Laoban, along with another son of Uncle Mo in Darley's Nyquist, led their class by graded stakes winners last year after Keepmeinmind became Laoban's second when he took the GII Kentucky Jockey Club S. in November.
When Keepmeinmind enjoyed a brief freshening at WinStar following his win in the Jockey Club, Hanley said he recalls being awed by the youngster.
“Wow, what a nice horse he is,” Hanley said. “Every time you see him on the track, he's such an impressive physical specimen and a beautiful mover. A disposition just like Laoban himself, really laid back.”
Laoban's momentum didn't stop over the winter as several of his weanlings carried hefty price tags at the breeding stock sales.
A colt out of Dixie Gem (Stonesider) was the highest-priced weanling at the Fasig-Tipton Midlantic December Mixed Sale, going for $150,000 to Machmer Hall.
At the Keeneland January Sale, a colt out of Making a Point (Freud) sold for $120,000 to Cavalier Bloodstock in the first session. Later in the week, a colt out of Jade (Colonel John) sold for $70,000 as the highest-priced short yearling of the third session.
Then at the OBS Winter Mixed Sale, his filly out of Best Reward (Grand Reward) topped the sale, going to Sand Hill Stables for $175,000.

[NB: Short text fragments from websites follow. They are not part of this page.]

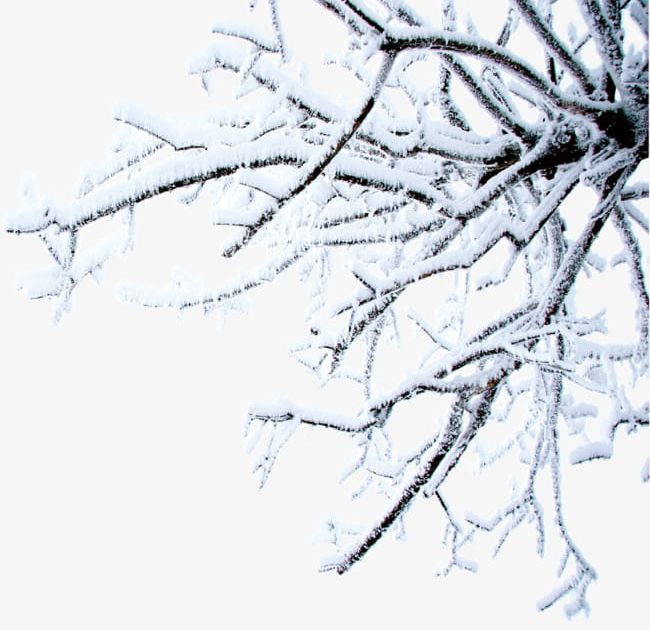 White Snow Winter Trees PNG, Clipart, Snow, Snow Clipart, Trees, Trees Clipart, White Free PNG Download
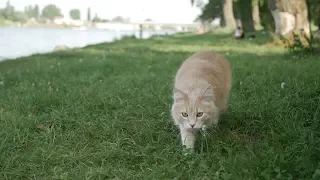 Kann man mit (Wohnungs-)Katzen spazieren gehen?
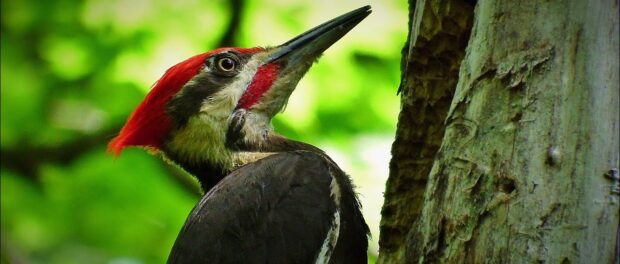 que significa ver un pájaro carpintero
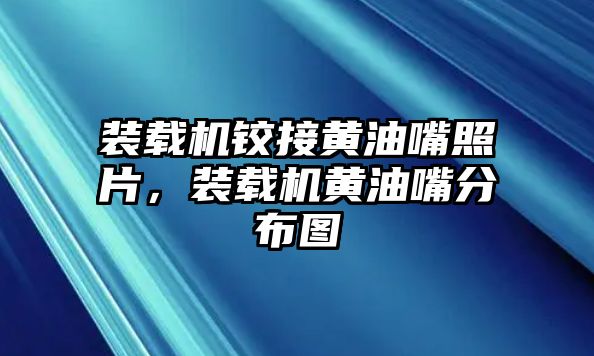 裝載機鉸接黃油嘴照片，裝載機黃油嘴分布圖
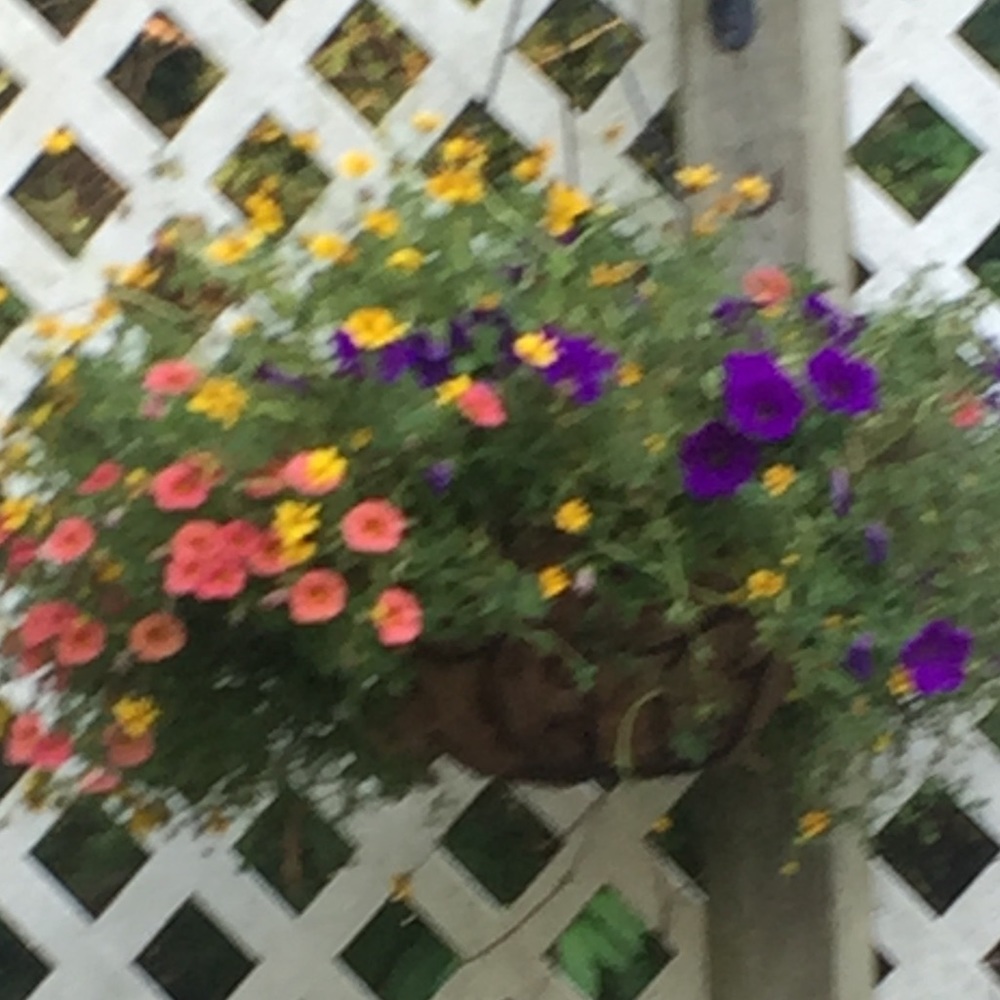 Meet your Posher, Karen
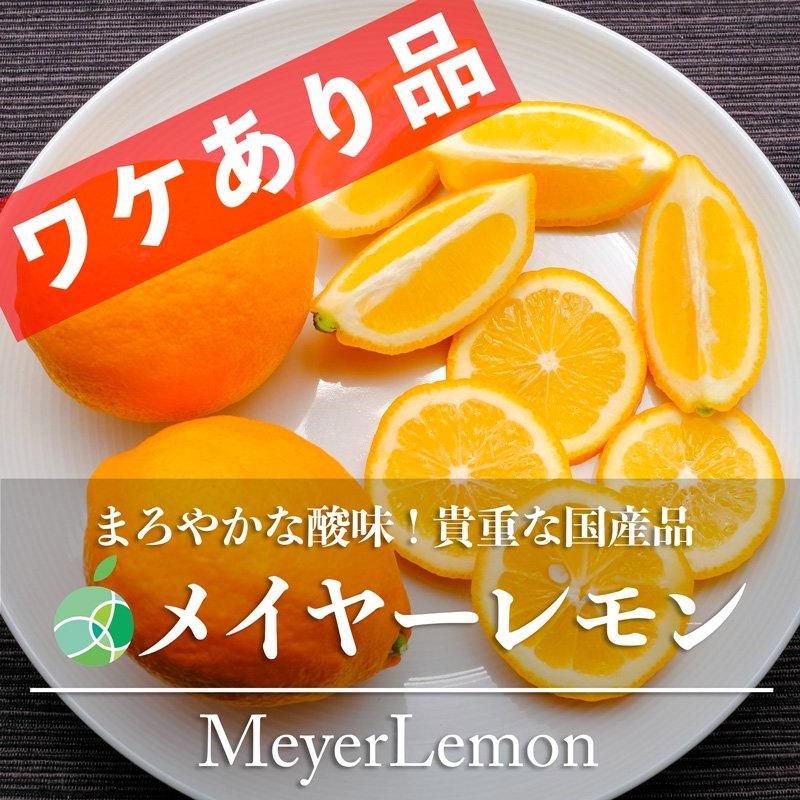 ワケあり品】 メイヤーレモン マイヤーレモン レモン L-3L 約1kg ワケあり品】 メイヤーレモン マイヤーレモン レモン L-3L 約1kg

Hanley spoke on visiting this youngest crop at the sales over the past months.
“As they came out, they all had that similar sort of balance. They stand up square and have a beautiful shoulder. They walk off just like he does. Then when you go look at the mares and you see how much he moves those mares up physically, I thought it was quite astonishing because he was literally stamping his stock and they had his qualities. All beautiful horses off a $7,500 stud fee.”
He continued, “Then you look at the horse himself and he's such an impressive individual. He's got such stature to him. He's got the most beautiful shoulder, length of leg and a beautiful long, clean neck. He's such a classy horse to be around. I think that was evident in his stock as well.”

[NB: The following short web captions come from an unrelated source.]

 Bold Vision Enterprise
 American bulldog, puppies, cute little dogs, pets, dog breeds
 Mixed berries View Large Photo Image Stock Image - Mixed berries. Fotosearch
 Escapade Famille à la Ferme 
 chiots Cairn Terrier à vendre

The next few weeks could prove to be defining for Laoban's early success as several first-crop 3-year-olds aim towards a start on Derby weekend.
Keepmeinmind is expected to return to the starting gate in the GII Rebel S. at Oaklawn Park on Mar. 13 while Simply Ravishing remains uncommitted to her next start, but is ranked highly in Bill Finley's most recent TDN Oaks Top 10. Meanwhile Laobanonaprayer looks to get her first victory against open company in this weekend's Busher Invitational S., where a win would earn 50 points towards the Oaks.
Hanley said Laoban has been well received by Kentucky breeders since his arrival, but that he is confident their new addition will see more success before the first Kentucky-breds hit the track. After filling a book of 122 in his first year, Laoban bred a combined 230 mares in his next three years at Sequel.
“He had very impressive 2-year-olds off a stud fee of $7,500,” he said. “When you look at the pedigrees they're out of, he has really moved those mares up. [His progeny to date] don't have very exciting pedigrees, just very good physicals. When you look at the mares that are booked to him this year, he's got 130 mares booked at a fee of $25,000. If he can continue to stamp his stock and produce the kind of quality that he had out of those lesser mares, I think the future for Laoban is really exciting.”
The GII Jim Dandy S. winner is out of stakes-placed Chattertown (Speightstown) and his half-sister produced Mr. Hustle (Declaration of War), a champion 2-year-old in Canada. His extended family also includes three-time Grade I winner I'm a Chatterbox (Munnings).
“He's out of a Speightstown mare and her second dam is by Danzig,” Hanley noted. “Being an Uncle Mo, he's an outcross for a lot of mares. Physically, he fits a lot of mares. He's a big horse, but he's very well-made. He's a great horse to be around. He's doing great in the breeding shed, has settled in really well and we're very happy with how it's going with him right now.”